CEP 16 - Sharded Repodata
Title | Sharded Repodata |
Status | Accepted |
Author(s) | Bas Zalmstra <bas@prefix.dev> |
Created | April 30, 2024 |
Updated | July 22, 2024 |
Discussion | https://github.com/conda-incubator/ceps/pull/75 |
Implementation |
Sharded Repodata
We propose a new "repodata" format that can be sparsely fetched. That means, generally, smaller fetches (only fetch what you need) and faster updates of existing repodata (only fetch what has changed).
Motivation
The current repodata format is a JSON file that contains all the packages in a given channel. Unfortunately, that means it grows with the number of packages in the channel. This is a problem for large channels like conda-forge, which has over 150,000+ packages. It becomes very slow to fetch, parse and update the repodata.
Design goals
- Speed: Fetching repodata MUST be very fast. Both in the hot- and cold-cache case.
- Easy to update: The channel MUST be very easy to update when new packages become available.
- CDN friendly: A CDN MUST be usable to cache the majority of the data. This reduces the operating cost of a channel.

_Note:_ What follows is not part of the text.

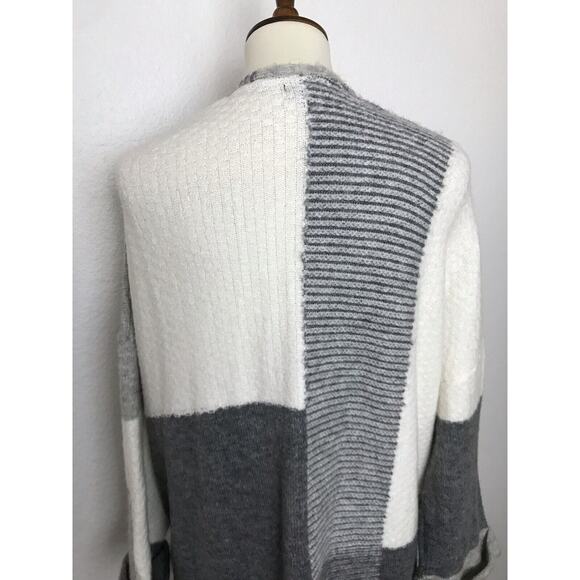 Topshop Cardigan Sweater Open Front Print Stretch Knit - Picture 9 of 12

- Support authN and authZ: It MUST be possible to implement authentication and authorization with little extra overhead.
- Easy to implement: It MUST be relatively straightforward to implement to ease the adoption in different tools.
- Client-side cacheable: If a user has a hot cache the user SHOULD only have to download small incremental changes. Preferably as little communication as possible with the server should be required to check freshness of the data.

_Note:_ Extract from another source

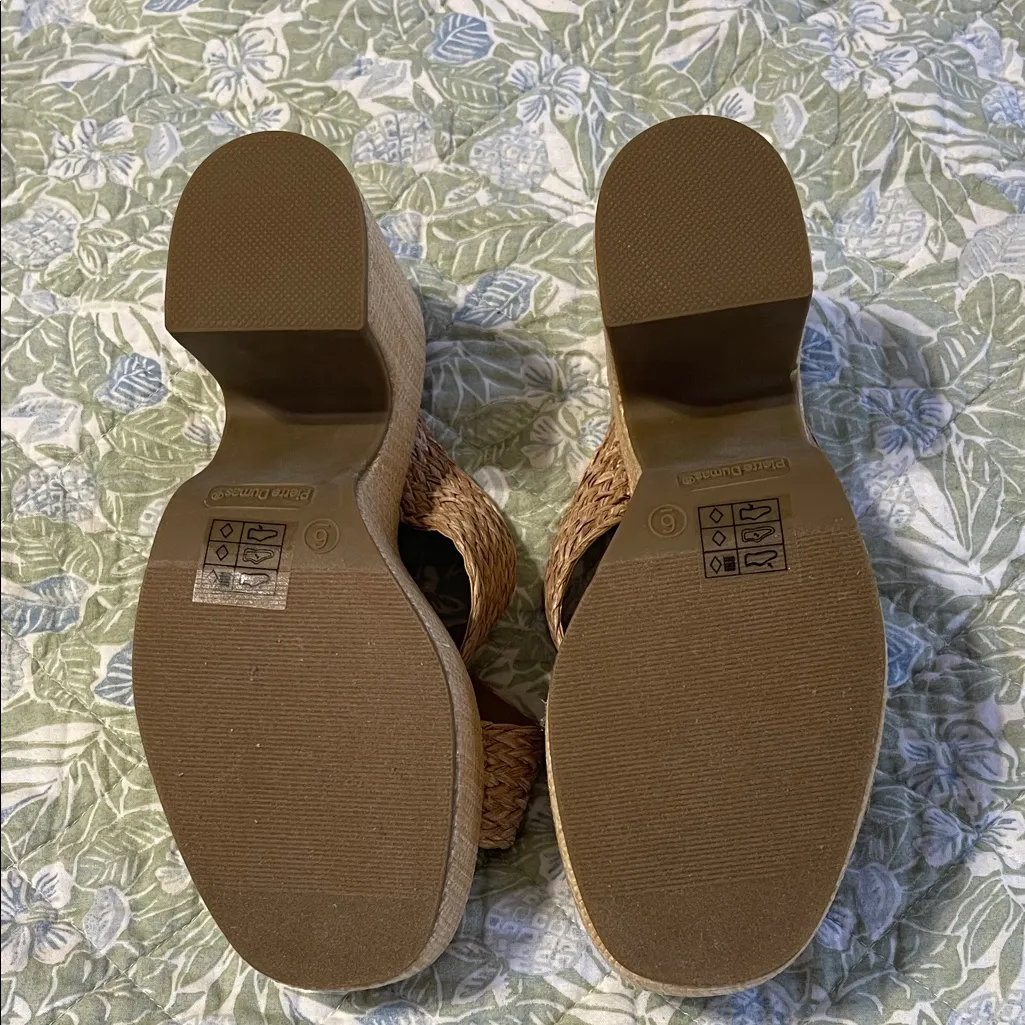 Pierre Dumas Women's Brown Woven Mules - Image 3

- Bandwidth optimized: Any data that is transferred SHOULD be as small as possible.
Previous work
JLAP
In a previously proposed CEP, JLAP was introduced.

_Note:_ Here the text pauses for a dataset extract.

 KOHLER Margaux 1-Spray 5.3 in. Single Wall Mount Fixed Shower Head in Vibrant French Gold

With JLAP only the changes to an initially downloaded repodata.json
file have to be downloaded which means the user drastically saves on bandwidth which in turn makes fetching repodata much faster.
However, in practice patching the original repodata can be a very expensive operation, both in terms of memory and in terms of compute because of the sheer amount of data involved.
JLAP also does not save anything with a cold cache because the initial repodata still has to be downloaded. This is often the case for CI runners.
Finally, the implementation of JLAP is quite complex which makes it hard to adopt for implementers.
ZSTD compression
A notable improvement is compressing the repodata.json
with zst
and serving that file. In practice this yields a file that is 20% of the original size (20-30 Mb for large cases). Although this is still quite a big file it's substantially smaller.
However, the file still contains all repodata in the channel. This means the file needs to be redownloaded every time anyone adds a single package (even if a user doesn't need that package).
Because the file is relatively big this means that often a large max-age
is used for caching which means it takes more time to propagate new packages through the ecosystem.